━━ Material for this exercise ━━

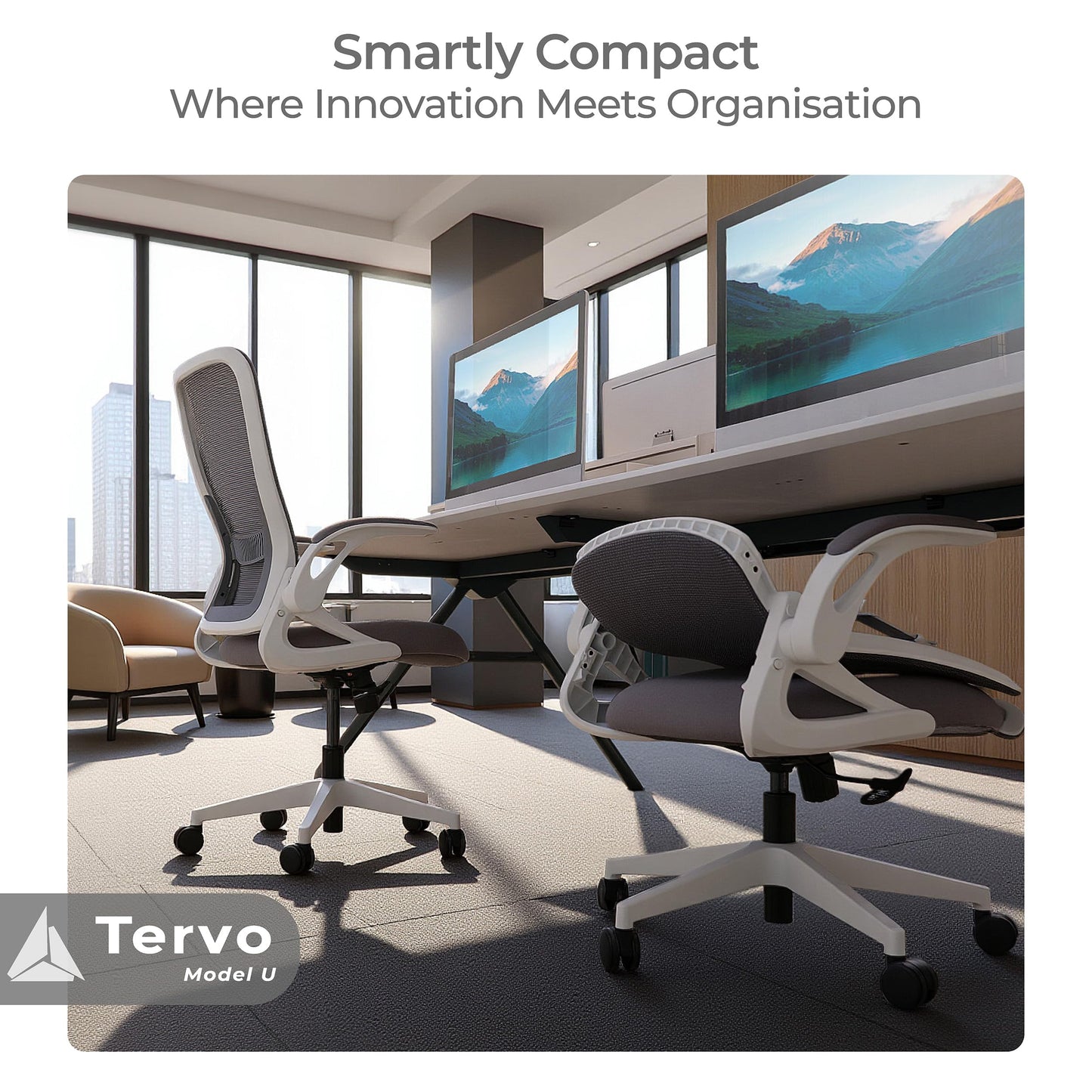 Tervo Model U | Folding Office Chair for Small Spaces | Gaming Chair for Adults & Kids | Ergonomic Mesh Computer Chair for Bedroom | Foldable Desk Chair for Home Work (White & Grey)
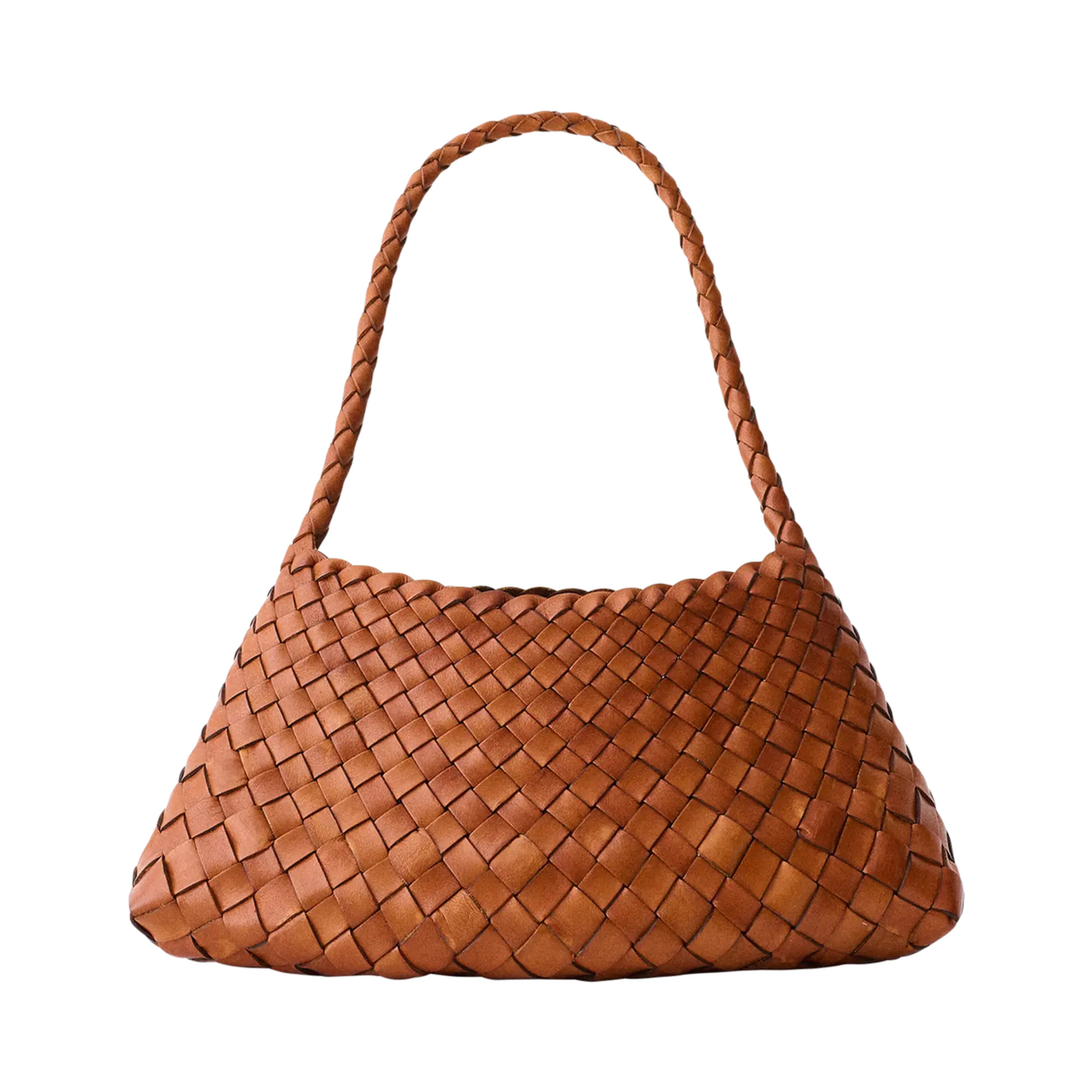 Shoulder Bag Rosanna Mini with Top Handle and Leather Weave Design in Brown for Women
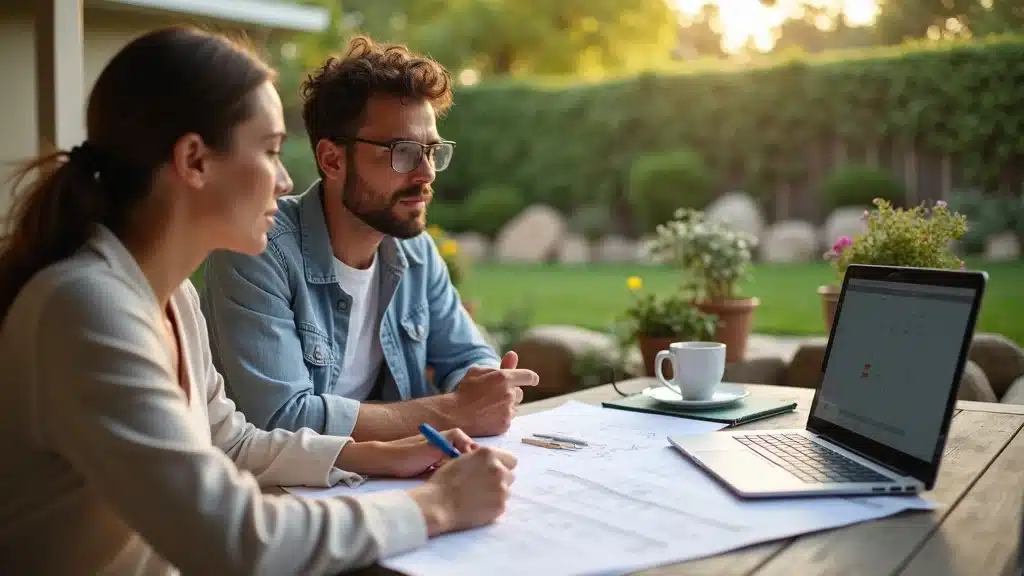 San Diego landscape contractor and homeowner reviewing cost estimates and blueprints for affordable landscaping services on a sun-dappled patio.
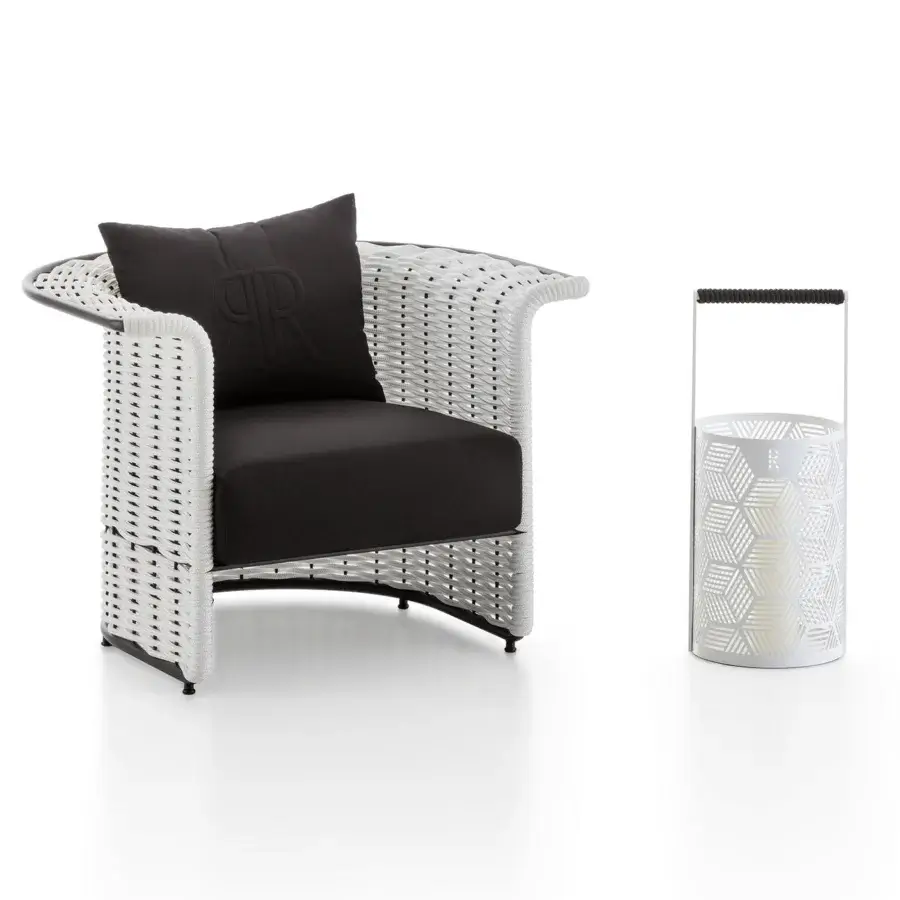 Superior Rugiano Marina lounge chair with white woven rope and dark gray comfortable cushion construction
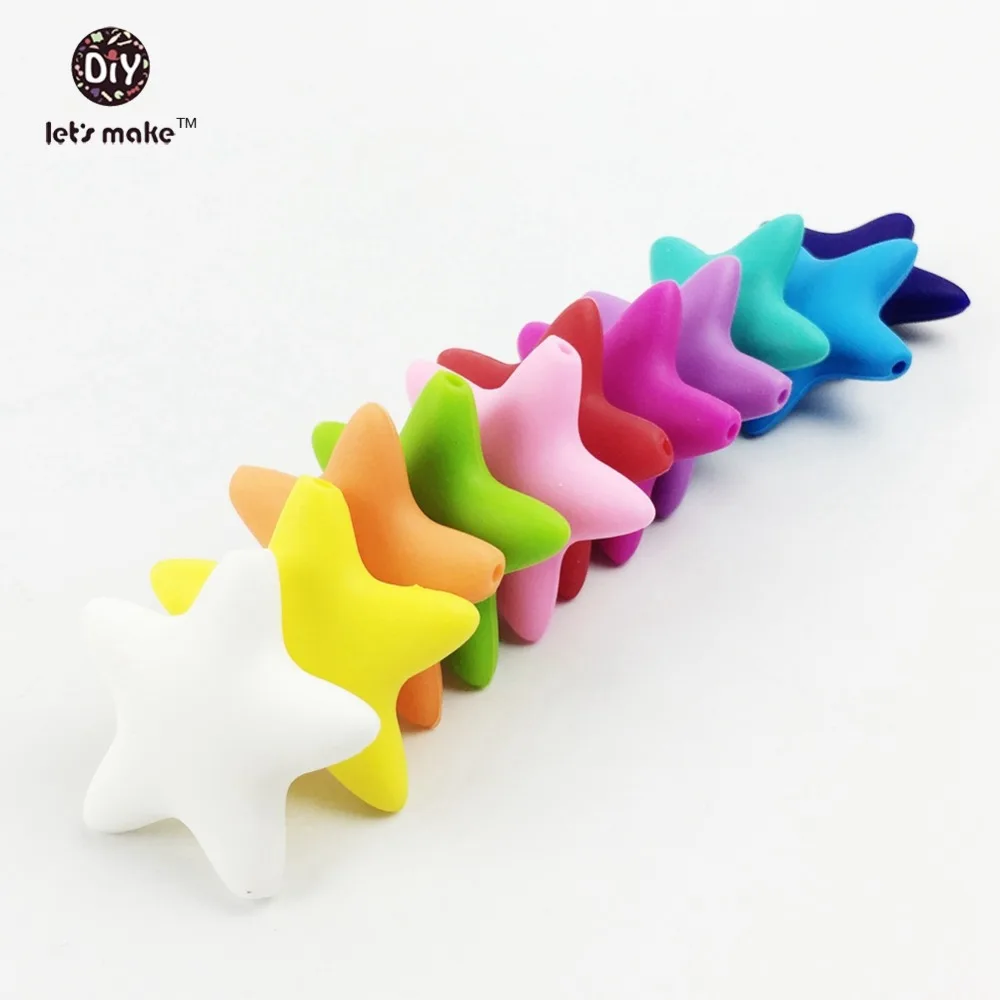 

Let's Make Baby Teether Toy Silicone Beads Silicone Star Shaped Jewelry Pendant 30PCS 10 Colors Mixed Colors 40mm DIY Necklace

━━━

Exercise -
Each record must be set down again without alteration, and no picture may be carried over.

Reply -
 Tervo Model U | Folding Office Chair for Small Spaces | Gaming Chair for Adults & Kids | Ergonomic Mesh Computer Chair for Bedroom | Foldable Desk Chair for Home Work (White & Grey)
 Shoulder Bag Rosanna Mini with Top Handle and Leather Weave Design in Brown for Women
 San Diego landscape contractor and homeowner reviewing cost estimates and blueprints for affordable landscaping services on a sun-dappled patio.
 Superior Rugiano Marina lounge chair with white woven rope and dark gray comfortable cushion construction

Let's Make Baby Teether Toy Silicone Beads Silicone Star Shaped Jewelry Pendant 30PCS 10 Colors Mixed Colors 40mm DIY Necklace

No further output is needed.